Parlamentswahl in den Niederlanden

Vom 15. bis 17. März stand die Zweite Kammer der „Generalstaaten“ zur Wahl. Die Volkspartei für Freiheit und Demokratie (VVD) von Ministerpräsident Mark Rutte hat die meisten Sitze gewonnen und zieht mit 16 weiteren Parteien in das niederländische Parlament ein.

Mitarbeiter stellen Wahlplakate für die Wahl zum Repräsentantenhaus auf den Buitenhof in Den Haag. (© picture alliance / ANP | Remko de Waal)


Das niederländische Parlament, die „Generalstaaten“, besteht aus zwei Kammern. Während die Mitglieder der Ersten Kammer von den Parlamenten der Provinzen bestimmt werden, wird die Zweite Kammer, die für die eigentliche Gesetzgebung zuständig ist, von der niederländischen Bevölkerung gewählt. Das offizielle Ergebnis der Wahl vom 15. bis 17. März 2021 wurde am 26. März vom Wahlrat der Niederlande, dem sogenannten „Kiesraad“, festgestellt und bekannt gemacht. Demnach bleibt das Parteiensystem in den Niederlanden so zersplittert wie kaum ein anderes in Europa. Es ziehen 17 Parteien in das Parlament ein, darunter nur vier, die jeweils mehr als zehn der insgesamt 150 Sitze auf sich vereinen konnten. Bei der letzten Wahl am 15. März 2017 waren 13 Parteien in die Zweite Kammer eingezogen.

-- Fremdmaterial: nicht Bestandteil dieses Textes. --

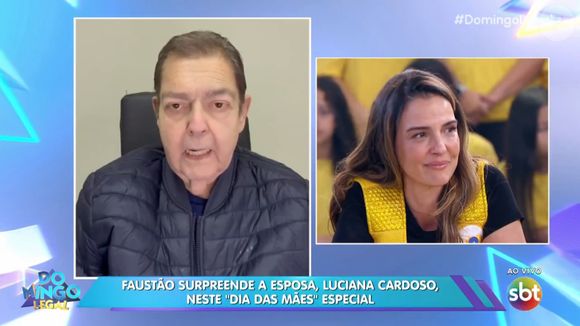 Faustão homenageou a mulher, Luciana Cardoso, com quem está casado dede 2002 no 'Domingo Legal' (SBT) de 11 de maio de 2025: 'Jamais pensei que fosse ter uma companheira que fosse, na arte de educar, de ser mãe, mais do que perfeita, em todos os sentidos'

Wer trat an und wer hat gewonnen?

Die liberal-konservative Volkspartei für Freiheit und Demokratie (Volkspartij voor Vrijheid en Democratie, VVD) von Ministerpräsident Mark Rutte kam auf 34 Sitze (2017: 33 Sitze) – und ist damit weiterhin stärkste Kraft im Parlament. Rutte wird damit vermutlich eine weitere Legislaturperiode im Amt bleiben können. Die VVD warb im Wahlkampf damit, wirtschaftlich bessere Bedingungen für neue Arbeitsplätze zu schaffen, die Verbrechensbekämpfung zu verbessern sowie Pflegeplätze auszubauen. Bis Anfang 2021 regierte die VVD in einer Koalition aus D66, CDA und CU.

Zweitstärkste Kraft ist die linksliberale Partei Demokraten 66 (Democraten 66, D66) mit 24 Sitzen (2017: 19). Im Wahlkampf versprach sie einerseits mehr Chancengleichheit im Bildungssystem und andererseits Freiheiten in der Corona-Krise, die an eine Impfung oder einen Selbsttest gekoppelt sind. Spitzenkandidatin war Sigrid Kaag.

Drittstärkste Kraft wurde trotz Verlusten die rechtspopulistische Partei für die Freiheit (Partij voor de Vrijheid, PVV) von Geert Wilders mit 17 Sitzen (2017: 20). Im alten Parlament war die PVV stärkste Oppositionspartei. Die PVV möchte laut ihrem Wahlprogramm unter anderem erreichen, dass die niederländischen Grenzen besser überwacht werden und die Niederlande eine restriktive Einwanderungspolitik insbesondere für „Migranten aus islamischen Ländern“ etablieren.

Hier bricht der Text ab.